Laserpointer für Stubentiger – riskant oder ein tolles Vergnügen?

Laserpointer für Stubentiger – riskant oder ein tolles Vergnügen?

5. Dezember 2013 Aus Von Linda

KatzenkindKatzen sind verspielt – von daher sollten wir Katzenliebhaber auch unseren Hauskatzen, die ihren Jagdtrieb draußen nicht ausleben können, das Jagen ermöglichen. Nebst herkömmlicher Katzenspielzeuge wie Spielangeln oder Fellmäusen finden sich mittlerweile immer mehr Hightech-Geräte in den Wohnstuben wieder:

Laserpointer sind seit geraumer Zeit sehr beliebt, um unsere Stubentiger zu „bespaßen“. Dem kleinen, roten Punkt hinterher zu jagen, ist bei unseren Samtpfoten nämlich unheimlich angesagt. Doch man sollte sachgemäß damit umgehen, da sie auch eine Gefahr darstellen.

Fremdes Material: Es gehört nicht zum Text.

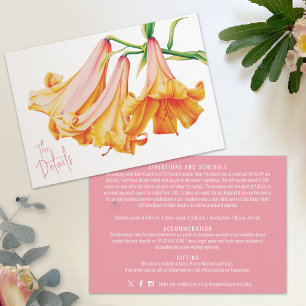African Queen lily orange pink art wedding details Enclosure Card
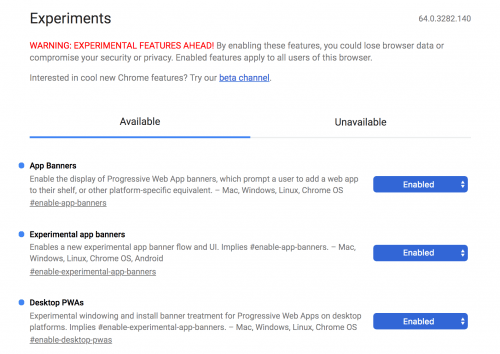 Enabling Progress Web Apps in Chrome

Laserpointer – ein Risiko für Katzen- und Menschenaugen

Ein Laserpointer erzeugt hoch konzentriertes Licht, das sowohl für das menschliche Auge als auch für das Katzenauge gefährlich werden kann. Treffen die gebündelten Lichtstrahlen auf die Augen, können sie Schäden sowohl am Sehnerv als auch an der Netzhaut hervorrufen. Für Katzenaugen ist dieses Licht noch riskanter als für Menschenaugen, da sie noch lichtempfindlicher sind.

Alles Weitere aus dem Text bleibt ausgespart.